El Defensor del Pueblo, Rolando Villena, expresó su preocupación por el alarmante crecimiento de hechos delictivos en la ciudad de Santa Cruz y consideró que se deben asumir medidas para contrarrestar esta situación, aunque advirtió que declarar una “ley de fuga” e instruir la detención de extranjeros que no tienen documentación en el país es una decisión equivocada y se puede caer actos inconstitucionales y xenofóbicos.
“El creciente número de hechos de violencia de una manera descarnada y cruel nos debe alarmar, pero no por eso se debe perder la perspectiva en la línea de entender la posición del Gobierno, que si bien creemos que es totalmente comprensible en cuanto a su preocupación por los índices delictivos, pero al mismo tiempo es equivocada”, manifestó Villena, según un boletín de prensa de su despacho.

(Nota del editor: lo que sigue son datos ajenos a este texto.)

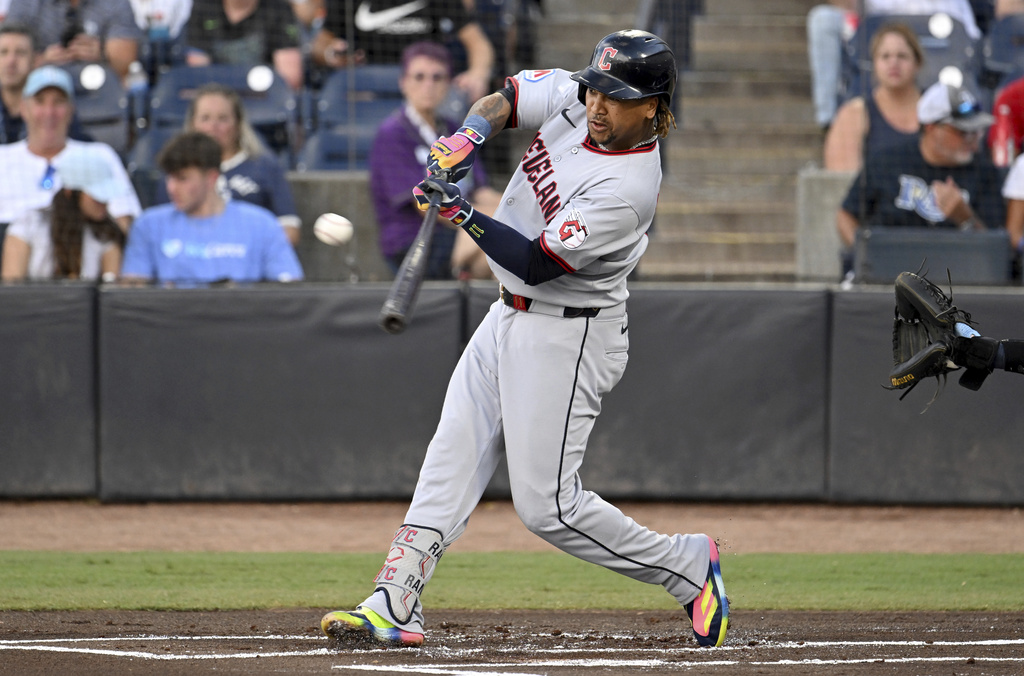 Cleveland Guardians' José Ramírez doubles during the first inning of a baseball game against the Tampa Bay Rays, Saturday, Sept. 6, 2025, in Tampa, Fla. (AP Photo/Jason Behnken)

Dijo que aplicar la “ley de fuga” conduciría a una grave contradicción, ya que es una posición anticonstitucional que “estaría minando” los cimientos de la constitucionalidad.

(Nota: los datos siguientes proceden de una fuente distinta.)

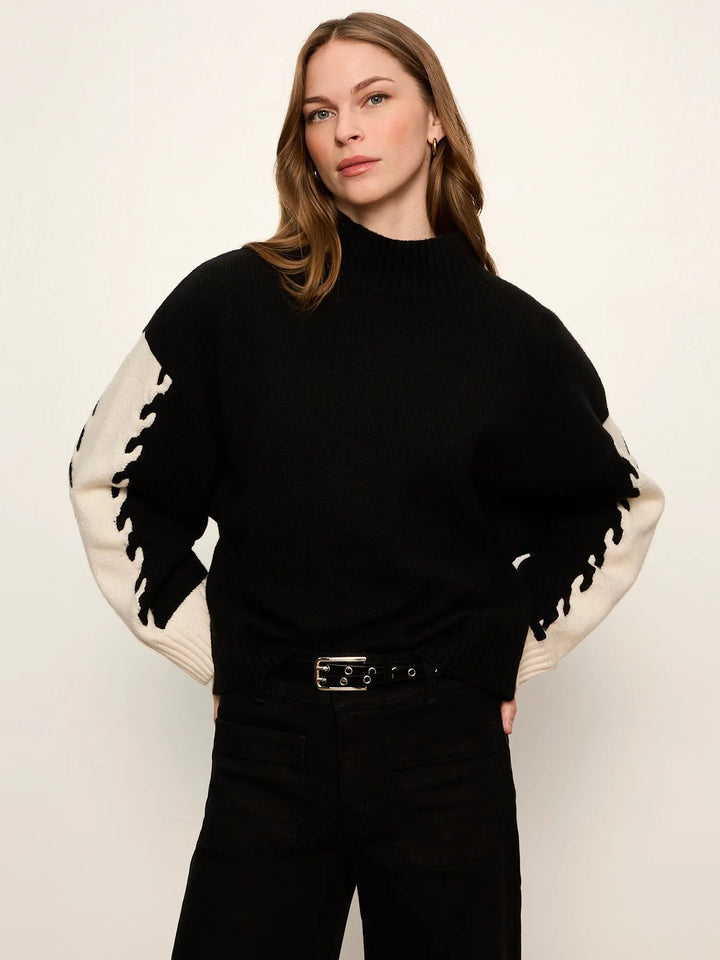 Sanctuary Color Block Mock Neck Pulloverlong sleeve knit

“Lo que nos falta es una política de Estado mucho más coherente para abordar esta problemática, si bien hay causas como la pobreza extrema, entre otras que están llevando al crecimiento de la delincuencia, la aplicación de la pena de muerte en las formas que fueran como la ´ley de fuga, es sumamente grave, es una medida que no es constitucional”, insistió.
Ayer, el ministro de Gobierno, Carlos Romero, anunció que se aplicaría la “ley de fuga” a los sicarios que actúan en el país y esta mañana el viceministro de Régimen Interior, Jorge Pérez, explicó que la autoridad se refirió a que la Policía utilizaría la fuerza en caso de que los delincuentes se resistan con violencia a su captura.
Villena dijo que cuando se habla de seguridad del Estado no debe ser a costa de matar a la gente, sino de seguridad con criterios políticos y estratégicos que permitan afectar las causas mismas de la delincuencia. “Como Estado no estamos de acuerdo con la pena de muerte y la figura de la ‘ley de fuga’ estaría en esa línea”, insistió.
Asimismo, dijo que instruir la detención de los extranjeros que no cuentan con documentación en el país es una “decisión peligrosa”, porque con ello se podría caer en la estigmatización de estos ciudadanos y derivar en una suerte de xenofobia, lo que podría poner al país en una situación de riesgo frente la comunidad internacional.